I never had that lightning rod moment. I always watched films as a child, as you do, but I never really thought about it as a route for me. I always wanted to be a musician. I was playing in bands and stuff, and when I finally got around to university, four out of five of the choices were music, and on a random punt I picked this cinema and photography course. It was weird, because, when I started that course, I don’t think I knew what a director was. It took me three years to actually understand what a director was, and the first film I made was my graduation film. But I feel like if I had started out with this preconceived idea, it would have been a lot more conscious. I had wanted to be an editor, a screenwriter, a DoP, a production designer before I even got to directing, so I feel very lucky to have found it organically.
This is your second short that has been picked for the Cannes Critics’ Week selection. What’s the experience of bringing a film to Cannes?
They always put on a nice screening for you at Critics’ Week.
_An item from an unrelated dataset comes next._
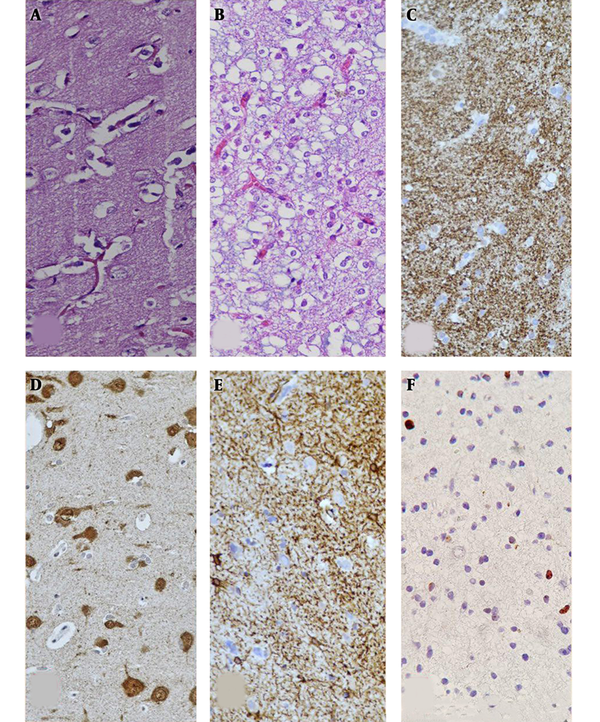 The H&E staining of the left temporal lesion revealed oligodendroglial-like cells, while tumoral cells had round uniform nuclei, which in some foci surrounded neuronal cells (A and B). Additional immunohistochemical findings: synaptophysin immunostain (C), neuronal glial (D), fibrillary acidic protein (GFAP) immunostain (E), and Ki-67 immunostain (F).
It’s very personal, and it feels like they put as much effort into their shorts screenings as their feature screenings. I was pretty ignorant, to be honest, about festivals. I’d never been to Cannes, and never thought of going until my film was here. So when we got in, two years ago, it was an overwhelming experience. But Critics’ Week is a very nice part of the festival to be involved in, because they take an interest in you, and your career, and everyone makes an effort. It’s a nice, family, friendly experience.
Shorts don’t often get a theatrical release, so it must be a special experience to see your film projected on a big screen, to a full house.
Exactly. We’re very fortunate in that way. We premiered Naptha at the London Film Festival, and it was insane. It was part of the Film London programme, and they put it in the IMAX in Leicester Square. And we’d literally finished the film five days before, and then we turned up to the screening and found out it was in the IMAX. It was the most surreal thing… It was amazing. 700 people were watching this short that I’d made. But at the same time, I wasn’t ready to watch the film, because i’d finished it about a week before. So to be confronted with that was too much! It was a baptism of fire, in a way.